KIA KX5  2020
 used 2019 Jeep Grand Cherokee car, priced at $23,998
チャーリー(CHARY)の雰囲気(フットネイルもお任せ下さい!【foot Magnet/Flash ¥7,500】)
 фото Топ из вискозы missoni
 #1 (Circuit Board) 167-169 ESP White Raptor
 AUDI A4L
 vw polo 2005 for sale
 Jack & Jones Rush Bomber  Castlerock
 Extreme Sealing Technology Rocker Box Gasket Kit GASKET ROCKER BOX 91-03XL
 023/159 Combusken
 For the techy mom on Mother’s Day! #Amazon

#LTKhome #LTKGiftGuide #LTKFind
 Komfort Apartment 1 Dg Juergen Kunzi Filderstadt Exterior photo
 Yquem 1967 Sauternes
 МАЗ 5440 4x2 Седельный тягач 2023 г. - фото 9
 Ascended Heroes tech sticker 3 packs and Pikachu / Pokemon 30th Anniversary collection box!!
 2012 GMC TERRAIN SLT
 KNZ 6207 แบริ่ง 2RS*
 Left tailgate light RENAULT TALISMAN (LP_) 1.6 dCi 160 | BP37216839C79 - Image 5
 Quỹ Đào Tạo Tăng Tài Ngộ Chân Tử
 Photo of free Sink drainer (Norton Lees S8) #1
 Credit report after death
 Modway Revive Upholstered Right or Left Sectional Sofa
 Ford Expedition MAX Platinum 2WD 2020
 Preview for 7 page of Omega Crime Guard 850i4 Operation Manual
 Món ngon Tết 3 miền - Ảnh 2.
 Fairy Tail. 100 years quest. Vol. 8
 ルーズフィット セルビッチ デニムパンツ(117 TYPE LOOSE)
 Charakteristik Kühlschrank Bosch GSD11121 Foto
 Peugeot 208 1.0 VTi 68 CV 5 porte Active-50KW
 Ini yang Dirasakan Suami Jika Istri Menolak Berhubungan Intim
========================
**TASK DETAILS:** In full and word for word, write out the data above.

**SOLUTION:**
KIA KX5  2020
 used 2019 Jeep Grand Cherokee car, priced at $23,998
チャーリー(CHARY)の雰囲気(フットネイルもお任せ下さい!【foot Magnet/Flash ¥7,500】)
 фото Топ из вискозы missoni
 #1 (Circuit Board) 167-169 ESP White Raptor
 AUDI A4L
 vw polo 2005 for sale
 Jack & Jones Rush Bomber  Castlerock
 Extreme Sealing Technology Rocker Box Gasket Kit GASKET ROCKER BOX 91-03XL
 023/159 Combusken
 For the techy mom on Mother’s Day! #Amazon

#LTKhome #LTKGiftGuide #LTKFind
 Komfort Apartment 1 Dg Juergen Kunzi Filderstadt Exterior photo
 Yquem 1967 Sauternes
 МАЗ 5440 4x2 Седельный тягач 2023 г. - фото 9
 Ascended Heroes tech sticker 3 packs and Pikachu / Pokemon 30th Anniversary collection box!!
 2012 GMC TERRAIN SLT
 KNZ 6207 แบริ่ง 2RS*
 Left tailgate light RENAULT TALISMAN (LP_) 1.6 dCi 160 | BP37216839C79 - Image 5
 Quỹ Đào Tạo Tăng Tài Ngộ Chân Tử
 Photo of free Sink drainer (Norton Lees S8) #1
 Credit report after death
 Modway Revive Upholstered Right or Left Sectional Sofa
 Ford Expedition MAX Platinum 2WD 2020
 Preview for 7 page of Omega Crime Guard 850i4 Operation Manual
 Món ngon Tết 3 miền - Ảnh 2.
 Fairy Tail. 100 years quest. Vol. 8
 ルーズフィット セルビッチ デニムパンツ(117 TYPE LOOSE)
 Charakteristik Kühlschrank Bosch GSD11121 Foto
 Peugeot 208 1.0 VTi 68 CV 5 porte Active-50KW
 Ini yang Dirasakan Suami Jika Istri Menolak Berhubungan Intim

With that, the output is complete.